On Mon, 27 Apr 2009 18:36:55 -0400, Sean Kelly <[email protected]> wrote:

== Quote from Andrei Alexandrescu ([email protected])'s article
For the same reason, C accepts enum X { a, b, } but not ,a ,b.
Mechanically generating enum values is easier if each value has a
trailing comma.

This has always seemed weird to me.  C doesn't accept a trailing comma
in function parameter lists.  I don't mind it accepting commas in enum
blocks mostly because leaving a trailing comma in multi-line blocks
can mean a smaller diff if I want to append new elements to the block
later, but it certainly isn't sufficient to justify the syntax IMO.

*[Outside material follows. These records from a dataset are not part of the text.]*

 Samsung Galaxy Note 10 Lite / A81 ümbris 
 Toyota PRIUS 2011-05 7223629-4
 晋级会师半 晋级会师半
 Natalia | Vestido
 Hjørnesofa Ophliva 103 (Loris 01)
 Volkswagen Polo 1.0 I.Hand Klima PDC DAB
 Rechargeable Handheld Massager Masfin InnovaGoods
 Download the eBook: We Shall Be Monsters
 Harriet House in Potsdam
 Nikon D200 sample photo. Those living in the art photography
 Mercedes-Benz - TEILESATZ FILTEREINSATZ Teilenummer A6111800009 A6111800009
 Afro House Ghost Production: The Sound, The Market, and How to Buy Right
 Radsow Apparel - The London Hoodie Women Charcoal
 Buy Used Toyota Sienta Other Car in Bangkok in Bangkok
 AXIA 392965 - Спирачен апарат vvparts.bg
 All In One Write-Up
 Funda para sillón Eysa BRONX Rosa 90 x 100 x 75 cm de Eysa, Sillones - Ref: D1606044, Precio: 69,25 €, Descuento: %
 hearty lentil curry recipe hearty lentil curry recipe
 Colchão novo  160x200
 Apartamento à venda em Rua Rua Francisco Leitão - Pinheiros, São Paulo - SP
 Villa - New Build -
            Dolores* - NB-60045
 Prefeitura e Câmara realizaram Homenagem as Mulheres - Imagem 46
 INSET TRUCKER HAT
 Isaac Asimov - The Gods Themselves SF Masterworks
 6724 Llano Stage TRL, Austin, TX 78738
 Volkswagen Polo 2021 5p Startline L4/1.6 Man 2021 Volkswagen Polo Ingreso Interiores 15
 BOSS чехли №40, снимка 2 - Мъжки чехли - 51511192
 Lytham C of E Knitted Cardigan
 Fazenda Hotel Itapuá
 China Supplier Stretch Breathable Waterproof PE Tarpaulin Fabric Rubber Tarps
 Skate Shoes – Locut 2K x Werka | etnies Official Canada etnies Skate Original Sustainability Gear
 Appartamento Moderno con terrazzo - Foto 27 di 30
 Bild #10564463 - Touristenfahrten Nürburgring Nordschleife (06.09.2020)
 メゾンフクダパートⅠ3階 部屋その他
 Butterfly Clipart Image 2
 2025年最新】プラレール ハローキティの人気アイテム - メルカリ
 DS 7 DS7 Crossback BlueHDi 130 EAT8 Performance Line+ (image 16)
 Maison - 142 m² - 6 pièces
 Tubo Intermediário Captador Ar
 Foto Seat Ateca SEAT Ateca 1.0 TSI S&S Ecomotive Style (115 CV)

You know, this just reminded me of something. What is the purpose of allowing trailing commas in enums in C? mostly for this:

enum {
  val1,
  val2,
#ifdef INCLUDE_VAL_3
  val3
#endif
};

Which would require some weird preprocessor logic for val2 if a trailing comma weren't allowed

But hasn't this behavior been *specifically* frowned upon by Walter due to it's lack of maintainability? In fact, I'd say that except for C portability (which is becoming more and more a moot argument), we could get rid of allowing the comma at the end of the last enum definition. In fact, it would discourage the undesirable behavior of versioning around elements versus versioning around the enum.

I know the argument is over for splitter, but I just thought this was an interesting connection to explore.